- EXERCISE DESCRIPTION
Set down exactly the first line of the entries and every line after it, through the line with "Un quartier résidentiel".
——
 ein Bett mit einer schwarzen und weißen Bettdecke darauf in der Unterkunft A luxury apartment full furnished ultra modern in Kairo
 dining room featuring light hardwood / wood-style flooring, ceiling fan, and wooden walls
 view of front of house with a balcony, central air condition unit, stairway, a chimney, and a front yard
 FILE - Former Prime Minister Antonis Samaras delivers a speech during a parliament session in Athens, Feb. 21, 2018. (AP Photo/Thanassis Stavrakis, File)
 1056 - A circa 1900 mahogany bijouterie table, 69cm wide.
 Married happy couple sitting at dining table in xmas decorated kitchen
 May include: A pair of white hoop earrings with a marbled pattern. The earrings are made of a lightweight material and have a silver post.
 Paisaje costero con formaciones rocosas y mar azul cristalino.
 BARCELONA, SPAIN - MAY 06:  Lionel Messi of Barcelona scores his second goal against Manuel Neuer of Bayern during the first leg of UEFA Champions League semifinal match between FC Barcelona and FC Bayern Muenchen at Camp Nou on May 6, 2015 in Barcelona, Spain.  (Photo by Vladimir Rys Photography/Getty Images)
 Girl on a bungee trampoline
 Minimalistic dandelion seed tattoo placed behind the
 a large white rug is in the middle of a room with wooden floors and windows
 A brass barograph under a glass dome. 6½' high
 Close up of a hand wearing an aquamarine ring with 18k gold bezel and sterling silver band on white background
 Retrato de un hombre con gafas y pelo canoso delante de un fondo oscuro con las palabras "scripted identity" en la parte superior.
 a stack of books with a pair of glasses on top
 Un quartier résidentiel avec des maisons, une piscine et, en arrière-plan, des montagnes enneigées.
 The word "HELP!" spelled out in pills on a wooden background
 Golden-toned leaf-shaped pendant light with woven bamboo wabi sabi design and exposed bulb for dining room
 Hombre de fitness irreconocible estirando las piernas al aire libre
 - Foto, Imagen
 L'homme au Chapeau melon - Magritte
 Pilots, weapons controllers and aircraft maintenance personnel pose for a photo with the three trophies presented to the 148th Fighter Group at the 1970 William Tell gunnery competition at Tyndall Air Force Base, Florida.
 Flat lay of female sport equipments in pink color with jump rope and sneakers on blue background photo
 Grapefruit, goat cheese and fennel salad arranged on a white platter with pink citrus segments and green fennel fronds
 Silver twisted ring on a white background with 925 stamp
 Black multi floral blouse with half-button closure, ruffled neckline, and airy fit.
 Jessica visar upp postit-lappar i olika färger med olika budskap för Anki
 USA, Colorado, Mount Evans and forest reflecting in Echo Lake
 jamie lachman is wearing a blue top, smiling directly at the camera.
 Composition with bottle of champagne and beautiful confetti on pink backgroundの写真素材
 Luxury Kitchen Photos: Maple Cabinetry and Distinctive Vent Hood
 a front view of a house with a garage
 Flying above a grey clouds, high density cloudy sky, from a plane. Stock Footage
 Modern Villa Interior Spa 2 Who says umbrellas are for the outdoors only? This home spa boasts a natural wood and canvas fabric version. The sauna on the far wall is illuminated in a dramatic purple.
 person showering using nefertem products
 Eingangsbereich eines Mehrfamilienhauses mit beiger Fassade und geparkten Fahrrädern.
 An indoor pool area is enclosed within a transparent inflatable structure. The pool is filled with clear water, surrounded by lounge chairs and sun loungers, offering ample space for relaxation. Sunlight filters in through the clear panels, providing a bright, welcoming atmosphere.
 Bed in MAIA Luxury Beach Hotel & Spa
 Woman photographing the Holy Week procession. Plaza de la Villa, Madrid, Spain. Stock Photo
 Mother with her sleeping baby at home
——
- OUTPUT BELOW
 ein Bett mit einer schwarzen und weißen Bettdecke darauf in der Unterkunft A luxury apartment full furnished ultra modern in Kairo
 dining room featuring light hardwood / wood-style flooring, ceiling fan, and wooden walls
 view of front of house with a balcony, central air condition unit, stairway, a chimney, and a front yard
 FILE - Former Prime Minister Antonis Samaras delivers a speech during a parliament session in Athens, Feb. 21, 2018. (AP Photo/Thanassis Stavrakis, File)
 1056 - A circa 1900 mahogany bijouterie table, 69cm wide.
 Married happy couple sitting at dining table in xmas decorated kitchen
 May include: A pair of white hoop earrings with a marbled pattern. The earrings are made of a lightweight material and have a silver post.
 Paisaje costero con formaciones rocosas y mar azul cristalino.
 BARCELONA, SPAIN - MAY 06:  Lionel Messi of Barcelona scores his second goal against Manuel Neuer of Bayern during the first leg of UEFA Champions League semifinal match between FC Barcelona and FC Bayern Muenchen at Camp Nou on May 6, 2015 in Barcelona, Spain.  (Photo by Vladimir Rys Photography/Getty Images)
 Girl on a bungee trampoline
 Minimalistic dandelion seed tattoo placed behind the
 a large white rug is in the middle of a room with wooden floors and windows
 A brass barograph under a glass dome. 6½' high
 Close up of a hand wearing an aquamarine ring with 18k gold bezel and sterling silver band on white background
 Retrato de un hombre con gafas y pelo canoso delante de un fondo oscuro con las palabras "scripted identity" en la parte superior.
 a stack of books with a pair of glasses on top
 Un quartier résidentiel avec des maisons, une piscine et, en arrière-plan, des montagnes enneigées.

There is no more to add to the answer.